Car Piotr Orzechowski n’agit pas seulement en solo, même s’il s’agit de son terrain de jeu favori. On l’a entendu avec Leszek Moźdźer en quartet, mais aussi avec le vétéran Michał Urbaniak ou le pianiste Marcin Masecki pour un Bach Rewrite, autre déconstruction ; il y a quelques années, il a rendu hommage à Henryk Wars, l’ancêtre du jazz polonais [3] avec l’orchestre symphonique de la radio polonaise, preuve d’un attachement à la culture patrimoniale de son pays. Mais c’est sans doute avec son quartet High Definition que le Piano Hooligan a trouvé sa bande : son piano très rythmique s’attache une doublette très musicale avec le contrebassiste Alan Wykpisz et le batteur Grzegorz Pałka, et le saxophoniste Mateusz Śliwa est de ces musiciens qui offrent de l’espace et travaillent la texture. Avec Bukoliki enregistré en 2015, Orzechowski poursuit son entreprise de déconstruction, en s’attachant à la musique de Witold Lutosławski, un autre grand compositeur polonais. La grande œuvre du quartet reste néanmoins le magnifique Dziady enregistré en 2019, qui démontre de la grande créativité de l’orchestre et de son pianiste.

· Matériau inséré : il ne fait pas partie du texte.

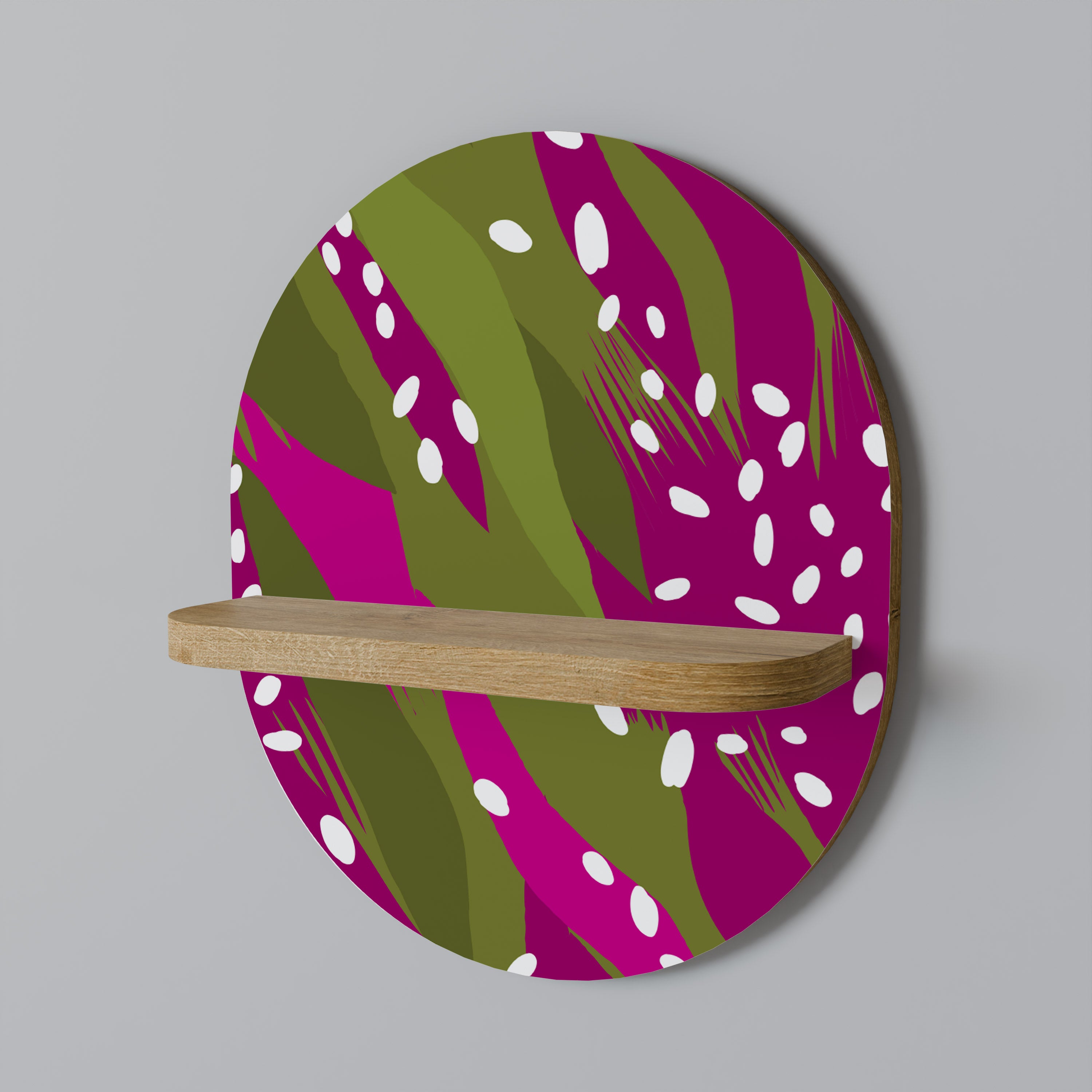 ENCHANTED TIGER Decorative Art Shelf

Dziady n’est pas seulement le poème d’Adam Mickiewicz, un des joyaux du Romantisme européen. C’est surtout la rencontre d’un quartet de jazz avec une électronique puissante et radicale, notamment avec l’électroacousticien Krzysztof Kittel, avec qui l’orchestre ouvre le disque. Ces confrontations sont intéressantes, car elles démontrent à quel point le jeu de Piotr Orzechowski est ouvert. Ainsi, on peut juger du contexte très jazz de « Kocioł Wódki », le long morceau où Śliwa semble briser les chaînes d’une base rythmique très solide. Ce jazz très contemporain, où l’interplay règne en maître, semble se dissoudre dans un piano vite rejoint par le bourdon électronique d’un ambient visqueux et inquiétant proposé par l’autrichien Christian Fennesz. Au premier abord, on pourrait songer à une opposition franche, mais c’est davantage un changement d’échelle voire de dimension auquel on assiste, projetant la musique du quartet dans l’infiniment grand. C’est cette articulation, ce constant va-et-vient entre le jazz dans son acception commune et cet artefact électronique qui le transcende (« Dziewczyna » avec Igor Boxx), qui fait de Dziady un disque à part.

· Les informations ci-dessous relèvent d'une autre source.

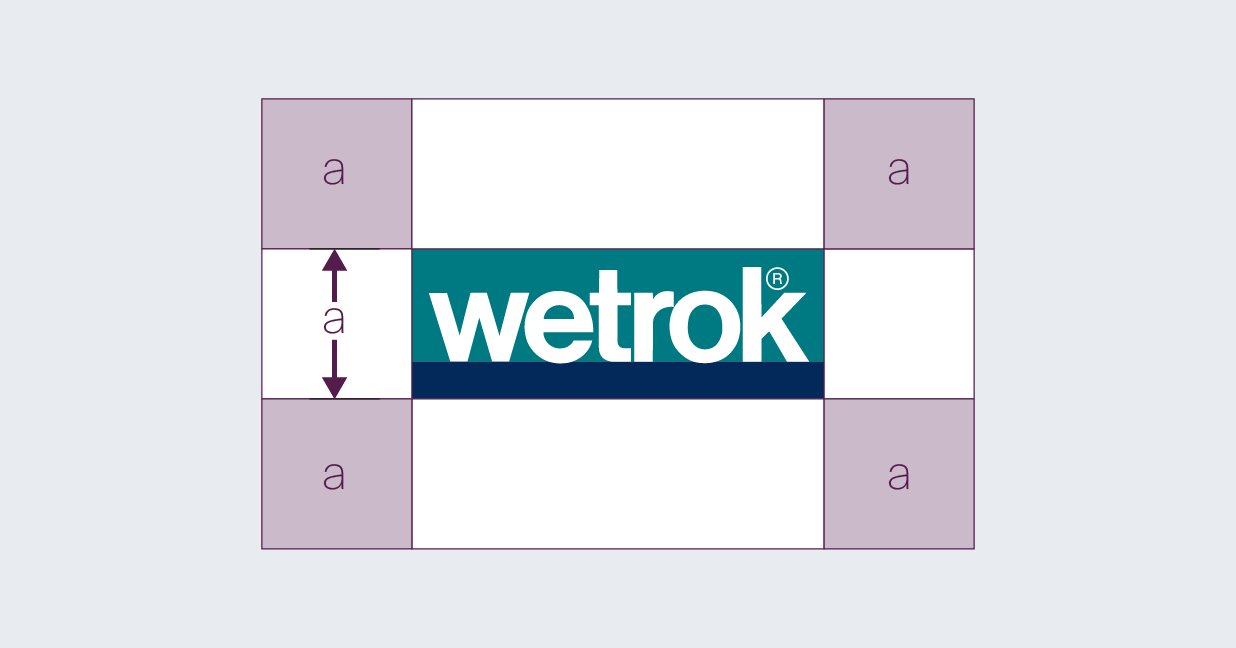 Image of brand logo in clearspace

À part, Piotr Orzechowski l’est absolument. Fruit d’une culture du jazz qui ne fuit pas la musique contemporaine et a tiré beaucoup de leçons d’un Third Stream tangible et très influent en Pologne, chercheur curieux et érudit, il présente à 34 ans une discographie enviable et variée qui mérite qu’on y attache une grande importance. Il y a des hooligans que l’on a envie de chérir, finalement.